'''
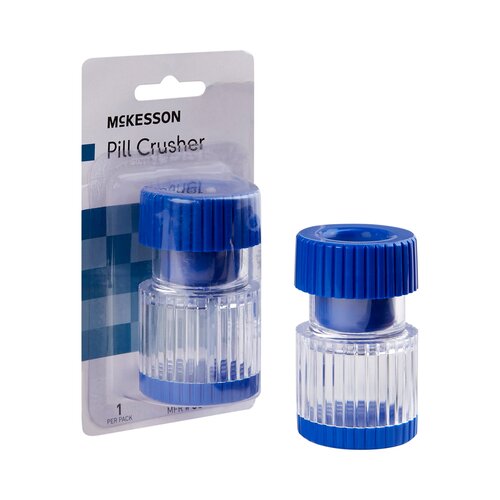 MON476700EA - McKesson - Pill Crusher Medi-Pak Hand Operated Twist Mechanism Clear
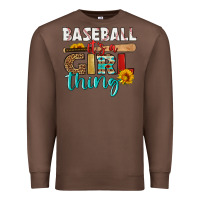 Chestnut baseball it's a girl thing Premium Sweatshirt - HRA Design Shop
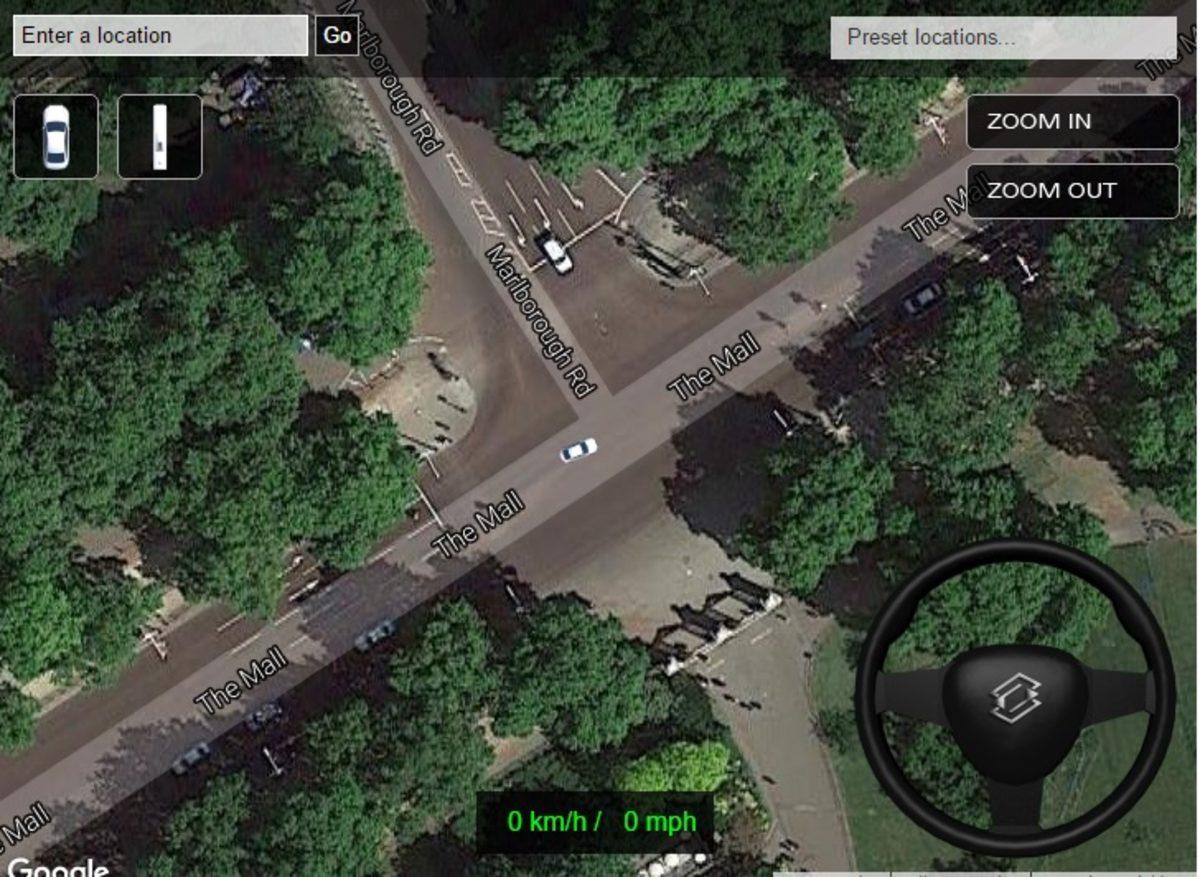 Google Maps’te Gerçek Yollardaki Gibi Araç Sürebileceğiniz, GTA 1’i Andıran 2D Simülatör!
'''
Recopy the whole listing above precisely, excluding images.

 MON476700EA - McKesson - Pill Crusher Medi-Pak Hand Operated Twist Mechanism Clear
 Chestnut baseball it's a girl thing Premium Sweatshirt - HRA Design Shop
 Google Maps’te Gerçek Yollardaki Gibi Araç Sürebileceğiniz, GTA 1’i Andıran 2D Simülatör!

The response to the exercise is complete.